=== Begin Enclosure ===

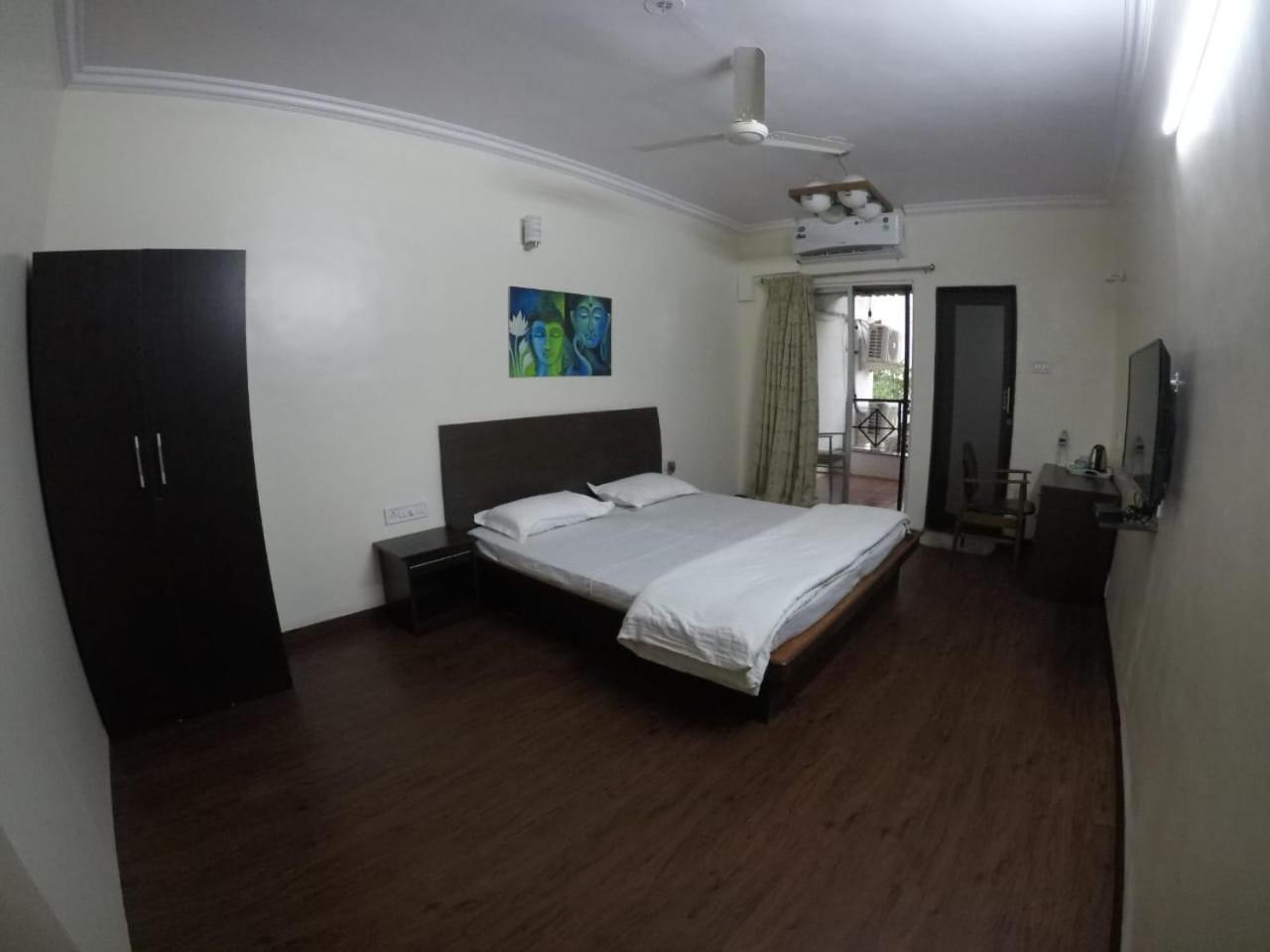 Apple Tree Apartments Koregaon Park Pune Exterior photo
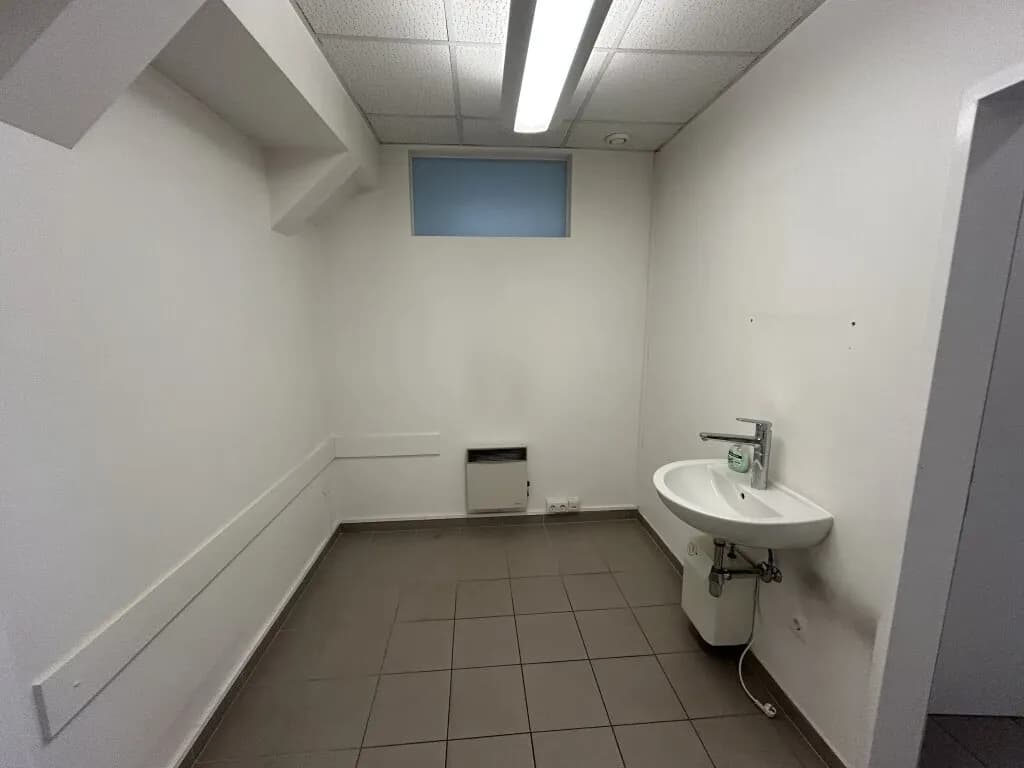 3-Zimmer-Gewerbeimmobilie mieten in Wien – 79 m², € 1.450 – Bild 10 von 13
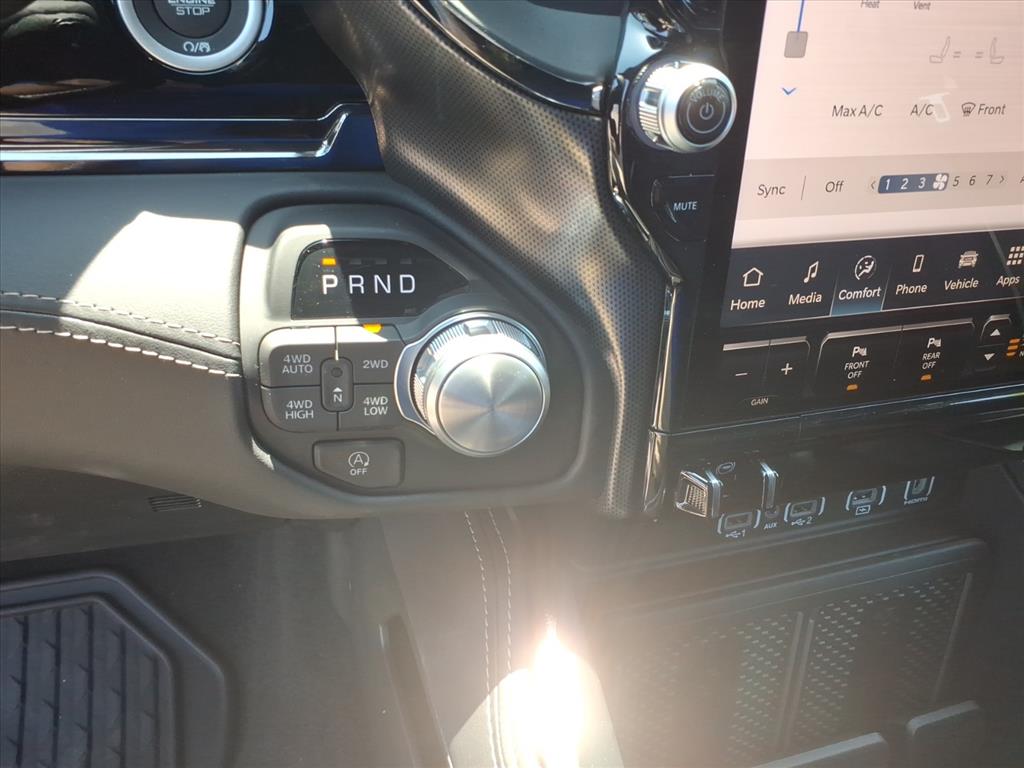 2026 Ram 1500 Limited Crew Cab 4x4 5'7" Box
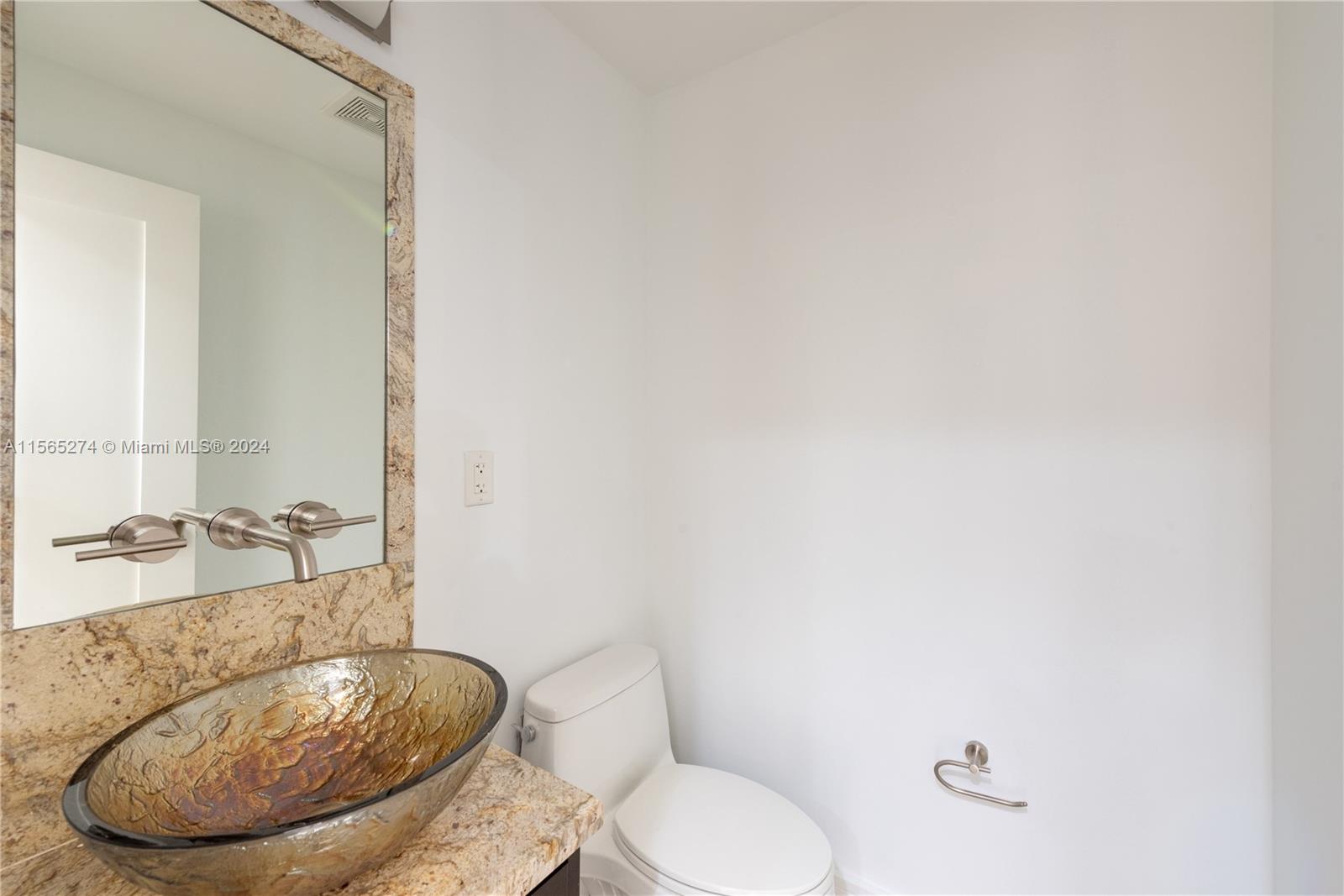 Guest Bath 1st Floor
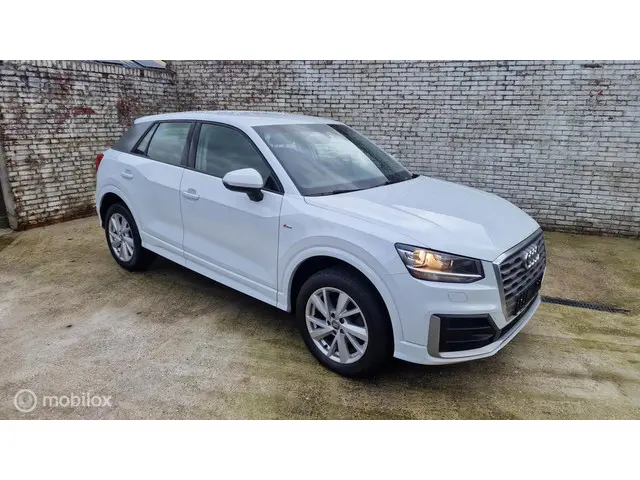Audi Q2 35 TFSI CoD Sport trekhaak 2019 Benzine 13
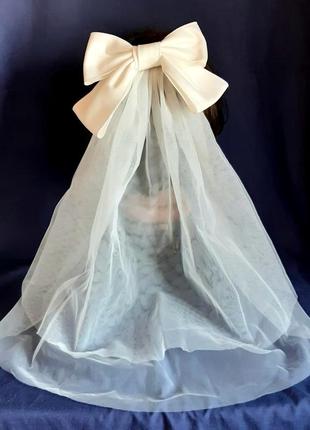 Фата свадебная короткая белая фатин и бант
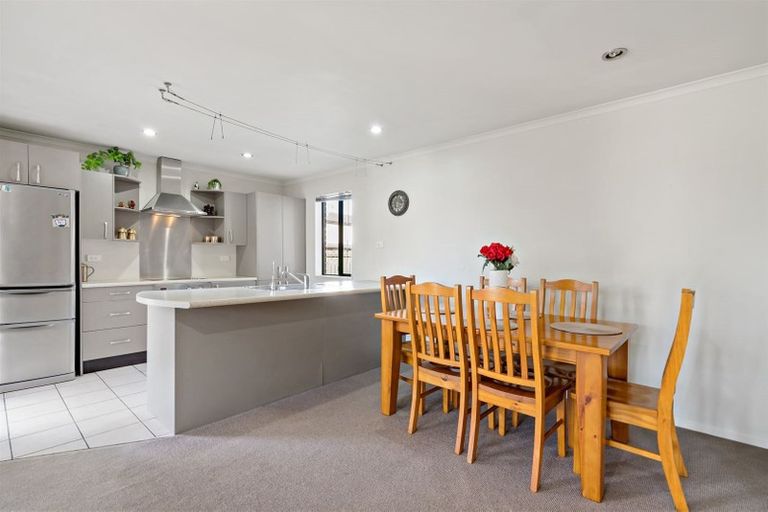 Photo of property in 28a Manuroa Road, Takanini, 2112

=== End Enclosure ===

● What the task asks
Write the records out again in full, exactly, and skip every picture.

● Worked solution
 Apple Tree Apartments Koregaon Park Pune Exterior photo
 3-Zimmer-Gewerbeimmobilie mieten in Wien – 79 m², € 1.450 – Bild 10 von 13
 2026 Ram 1500 Limited Crew Cab 4x4 5'7" Box
 Guest Bath 1st Floor
Audi Q2 35 TFSI CoD Sport trekhaak 2019 Benzine 13
 Фата свадебная короткая белая фатин и бант
 Photo of property in 28a Manuroa Road, Takanini, 2112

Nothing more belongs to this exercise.